For a posthumous album over a year in the works, its high caliber sound is indicative of how long it took to release. The collection of 10 producers created the perfect tonal balance between upbeat and somber music to complement Juice WRLD’s lyrics. Two songs in particular were blessed with talent from the best in the industry with the aforementioned “Burn” led by St. Louis producer Metro Boomin, and the “Doom” track worked by record producer duo Take a Daytrip. .
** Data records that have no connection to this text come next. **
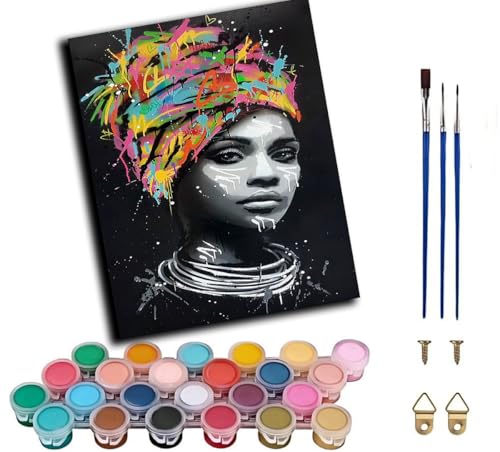 CAOGUANYU DIY Pintar por Numeros Adultos,Retrato de mujer africana en pintura pop art 40X50CM Kit de Pintura Cuadro al óleo Digital de Lienzo Decoración para el Hogar Regalo，sin marco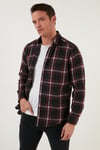 Pamuklu Ekoseli Slim Fit Kışlık Erkek Gömlek CF23W114662 BORDO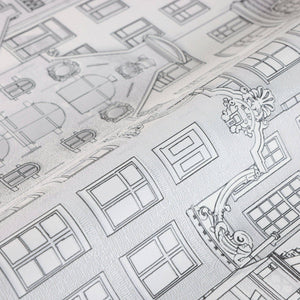 Luxury Gray Cityscape Embossed 3D Embossed Wallpaper, Traditional Non-Woven Wall Covering, 41.7"W x 398"H, Washable Removable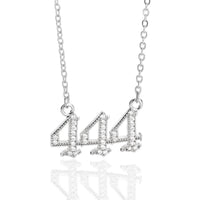 Zirconia Angel Numbers Necklace - Seraphina-Silver-444-State of Style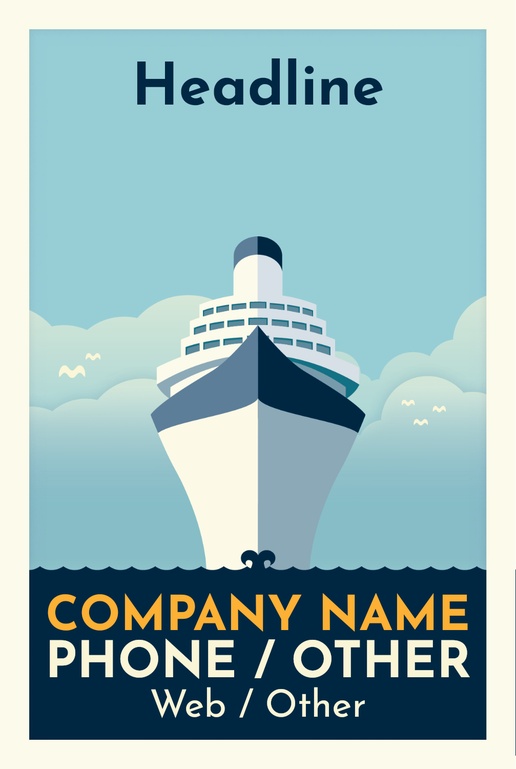 A travel agency cruise boat gray cream design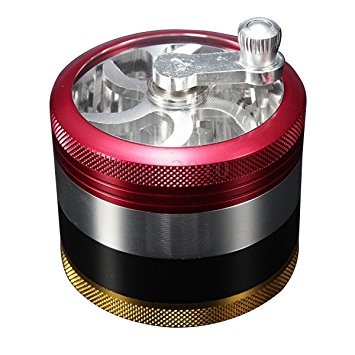 Tabocco Grinder - TOOGOO(R) Aluminum Herb Spice Tobacco Grinder Crusher Muller Mill Hand Crank Pollen Screen Colorful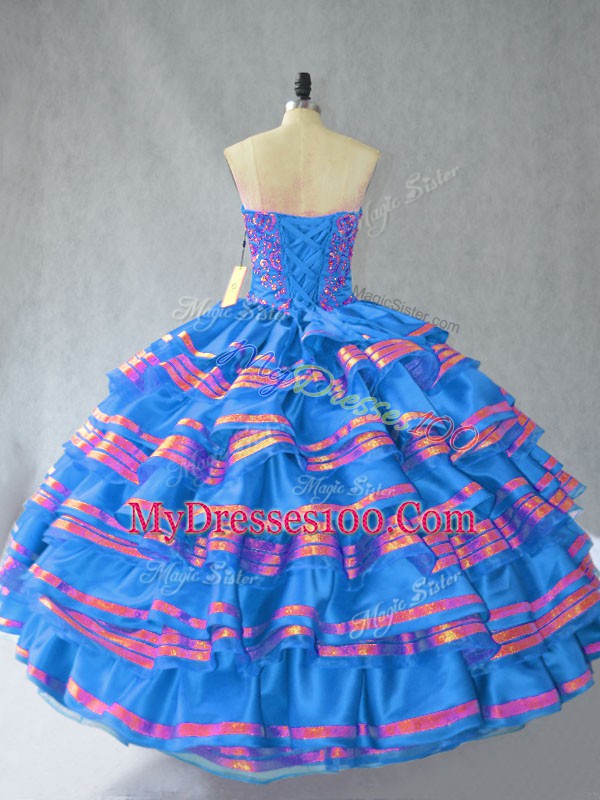 Modern Blue Quinceanera Dress Sweet 16 and Quinceanera with Embroidery Sweetheart Sleeveless Lace Up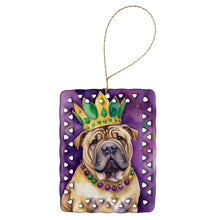 Load image into Gallery viewer, Shar Pei King of Mardi Gras Porcelain Ornament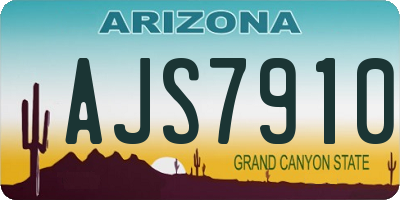 AZ license plate AJS7910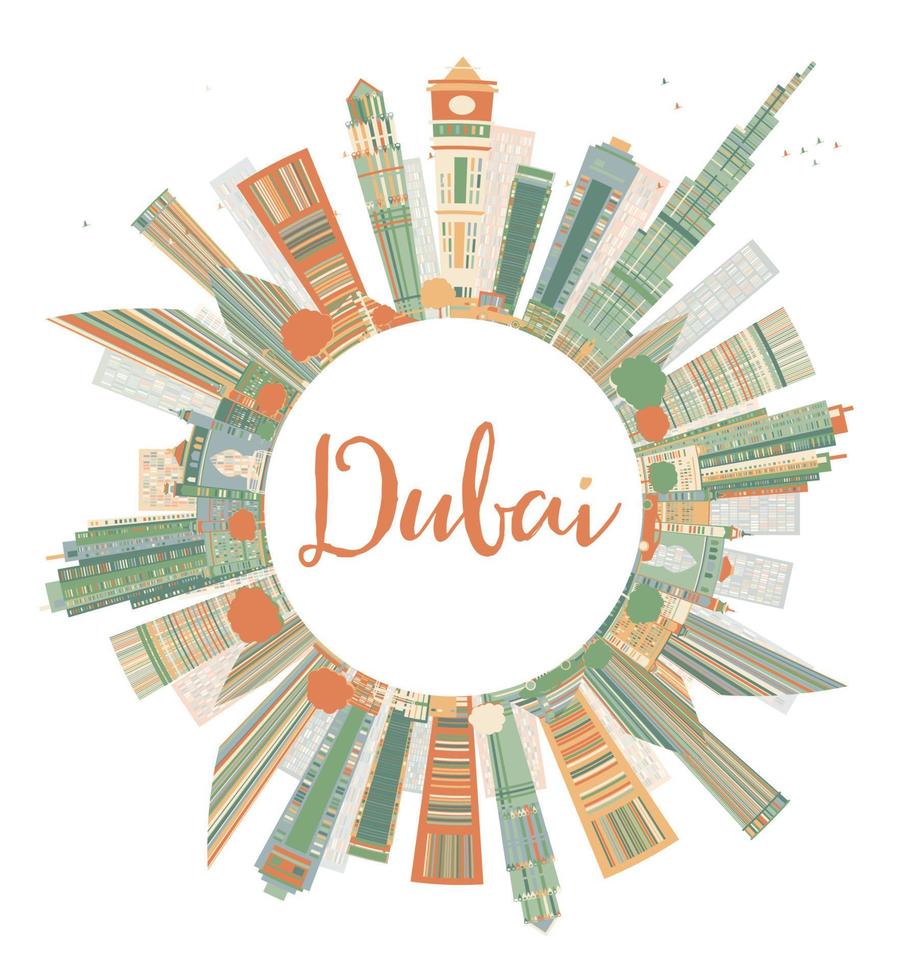 Abstract Dubai City Skyline with Color Skyscrapers and Copy Space. vector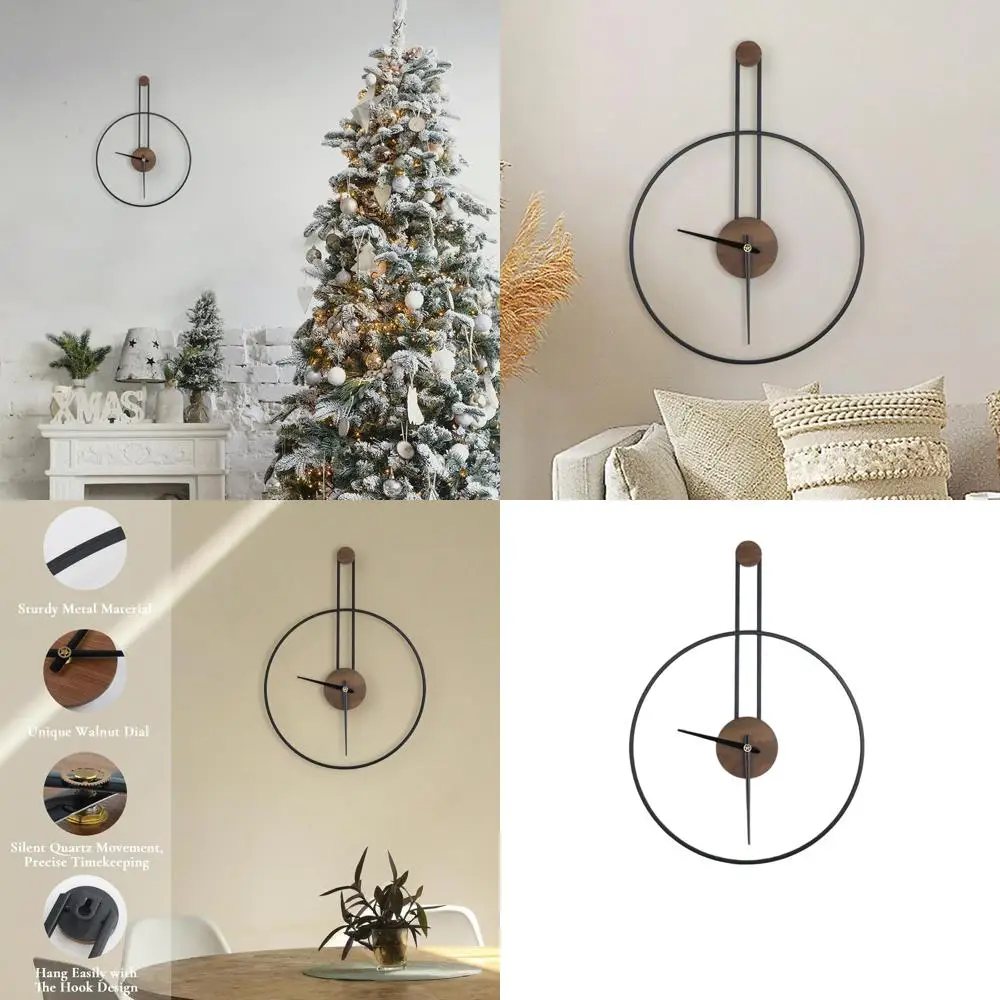 

Большие бесшумные настенные часы из орехового дерева 17,8 x 24,4 дюйма для дома, гостиной, спальни, кухни, офиса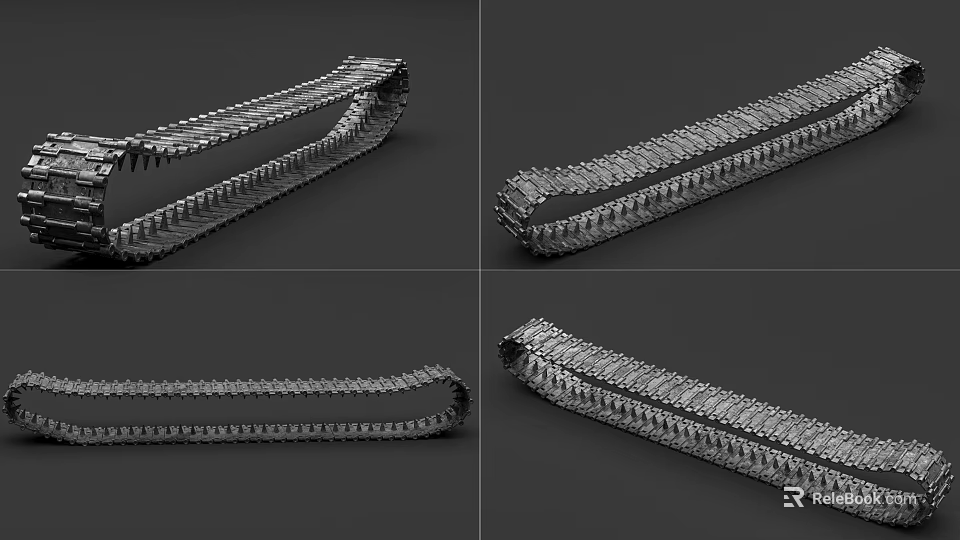 High Strength Industrial Equipment Tracks with Reinforced Steel Links for Heavy Machinery 3d model 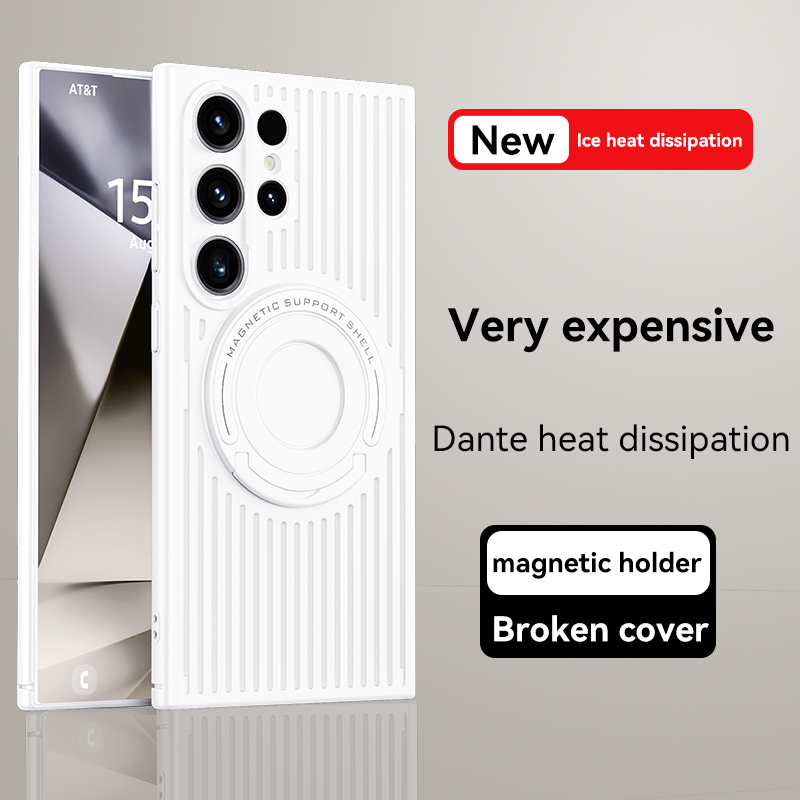 Heat Dissipation Case - マグセーフ対応ハニカム穴放熱ケース、サムスンS25 S24 S23 Plus Ultra S24用メッシュ冷却PCマグネティックホルダーカバー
Personally, “Fighting Demons” pulled a backhand from “An evening with Silk Sonic”Where instead of the project sounding less and less good the more I listened, my pleasure grew with each press of the play button. Even with all of the songs appearing to be unfinished demo songs, Grade A did a good job putting together all of the songs given to them.

While my enjoyment for the album is genuine, the album as a whole felt soulless to me. When I mention an album with or without a soul, I am referring to this intangible feeling of the finality that an album has in its creation. When you hear albums like “Certified Lover Boy” by Drake or Tyler, “CALL ME IF YOU GET LOST” by the creator, you can feel the life radiating from music. With “Fighting Demons” her veins seemed too stretched to get the heartbeat an album needs.

This soullessness can almost certainly be attributed to the posthumous status of this album. Without Juice WRLD being present for the creation of the album, we immediately feel its absence. Even “Legends Never Die” had the kind of soul that always made it feel with us, but “Fighting Demons” gives off the same vibes as an extremely well-made fan album.

While many posthumous albums fell victim to the tendency to be inundated with features from other artists, this album was able to escape this unwanted fate. Only three of the album’s 15 full songs contained characteristics of any kind, including appearances by North American stars like Justin Bieber and Polo G, as well as South Korean artists like BTS and SUGA.

The ultimate hallmark of the album came from rapper Trippie Redd, whose verse on the track “Feline” displays as much passion as an artist can on a song of this nature. Understanding Juice WRLD and Trippie Redd’s friendship in life made phrases like, “We don’t play both sides, choppa with me, .45 / Juice gonna hold like two 9s, bitch, us 1400, 999” gives me chills every time I hear them.

Despite its good points, the release of this album only seems to stagnate the legacy of Juice WRLD. If he was alive we could have seen the improvements and evolution in his sound that come with time. Instead, we’re forced to live, listening to tracks he started in 2019 and even before.

If Juice WRLD’s music release ended with “Legends Never Die,” audiences would have had a good idea of ​​the progression he has made in life. With the release of yet another posthumous album, all we see is a Grade A attempt to force that progression to places it was never meant to go.

Ultimately, “Fighting Demons” is the exact reason the music industry shouldn’t keep releasing. posthumous albums in this style. It was a solid album with guaranteed replay value, but nothing overwhelming. If so, then that begs the question: why free him at all?